Given entries >>
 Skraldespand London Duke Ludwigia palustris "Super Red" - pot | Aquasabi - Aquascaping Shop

---

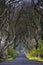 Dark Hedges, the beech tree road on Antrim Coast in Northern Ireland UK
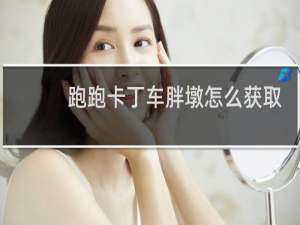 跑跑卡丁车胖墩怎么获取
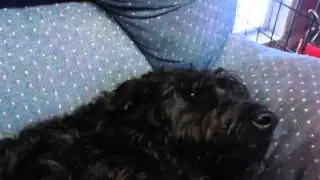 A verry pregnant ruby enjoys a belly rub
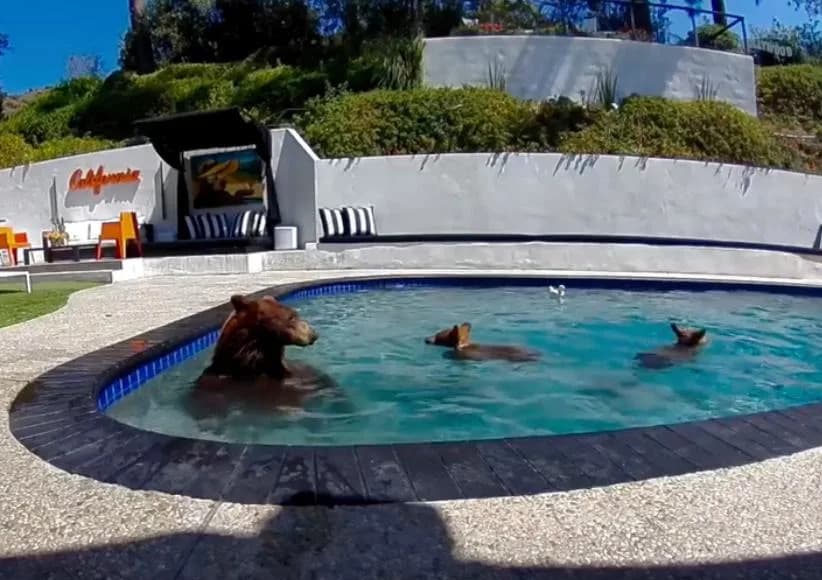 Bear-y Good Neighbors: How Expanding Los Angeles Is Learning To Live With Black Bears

Task brief >>
Take the material above and output only the lines from the one that contains "跑跑卡丁车胖墩怎么获取" through the one that contains "Bear-y Good Neighbors: How", ends included and images left out.

Exercise output >>
 跑跑卡丁车胖墩怎么获取
 A verry pregnant ruby enjoys a belly rub
 Bear-y Good Neighbors: How Expanding Los Angeles Is Learning To Live With Black Bears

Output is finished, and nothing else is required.